The Table and the Cross September 19, 2017

It’s not just the shocked or amused stares that come with keeping an extremely active child still in a liturgy. This week, my dear friends were viciously smeared by LifeSite, a scandal rag that pretends to be more Catholic than the Pope. I’ve seen many good people defending my friends, and I’ve also seen pious-looking Catholics cheering that they’ve been humiliated, that Rebecca lost her job. This happened after a few weeks of escalating fights and cruelty online in several Catholic circles.  The whole thing reminds me far too much of growing up on the Planet Charismatic and the things that happened when I got to Steubenville. I was too sick from my autoimmune flare-up to go to Mass for two weeks in a row, and it honestly felt like a relief. I felt nervous when I started recovering.

And there I was, in a church that was neither beautiful nor ugly, praying in a rite that’s grown unfamiliar,  with my daughter fidgeting next to me in her Avengers t-shirt, staring at a page marked “Gospel.”

We should all approach the Gospel like a little child: reverently, but with full awareness that we can’t totally understand and are always getting it wrong. With full attention, we should sit at the Master’s feet and ponder His teachings, whether they pleased us or not, because we accept that these teachings are Gospel.

I stared up at the crucifix– unremarkable cast metal with the corpus looking clean and stoic. I wished it was a little more realistic. I wished I could see His suffering. There are infinite lessons to be learned from the Passion of Christ.  I think that one of them is what the church is like– not the Church as Christ intended, the Church when she teaches, the Church as she will be in Heaven, but the church as we see one another on earth.

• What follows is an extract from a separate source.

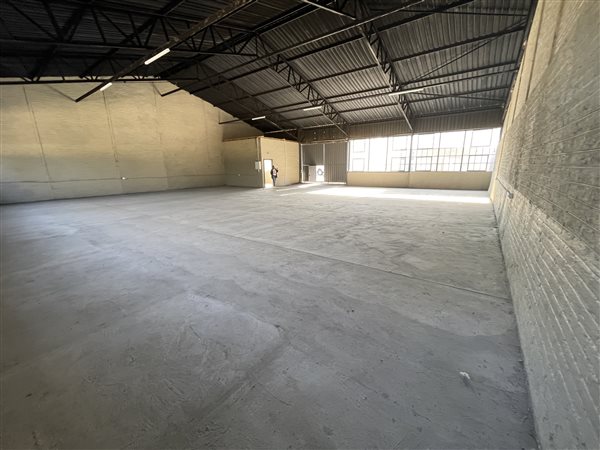 350  m² Industrial space in Krugersdorp North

The members of the Body of Christ hurt one another. They fight, over pointless things and weighty things, and they let the pointless and the weighty things be excuses for their lack of charity. They gossip and judge. They humiliate and take delight in others’ humiliation. They are racists and bigots of every kind. They neglect. They abuse. People are driven away from the Church. People have been driven to suicide. People have been tortured and killed.

People who bear the everlasting seal of Baptism have done these things to one another. We have to accept that, because it’s the truth. Through our fault, through our fault, through our most grievous fault, we have tortured the Body of Christ.

Our Lord’s precious Body is broken and torn, torn so that every movement was anguish and there wasn’t a sound place. His skin hung off in rags, as if the members of His body were at war with one another. It’s as though they hate each other and are trying to peel His flesh off bit by bit.  Get out. We don’t want you here. You’re not a real member of the Body of Christ. You are too loud. You are ugly. You don’t speak the right language. You sin differently than we do. We don’t accept Gentiles. We don’t accept Slavs, blacks, Indians, migrants, Jews, poor white trash. You’re family isn’t big enough. You’re not trying hard enough. You’re a burden. You shock us. Your past is scandalous. We ought to throw you out of the house. 

Last of all, they pierced His heart, and out ran blood and water.

He forgave them, and still does. He didn’t return to be crucified again, and abuse victims have no duty to return to their abusers to be hurt again. But He forgave them, and prayed that the Father would pardon them. If they come to Him, repentant, He will give them the Bread of Heaven at His Father’s table.

This is also Gospel.

I prayed the Lord’s prayer, earnestly. Forgive us our trespasses, as we forgive those who trespass against us. I offered my hand to strangers at the kiss of peace. I received the Living God and was one in Christ with ever person who has ever come to that table.

The church had seemed neither beautiful nor ugly. Now, it was both.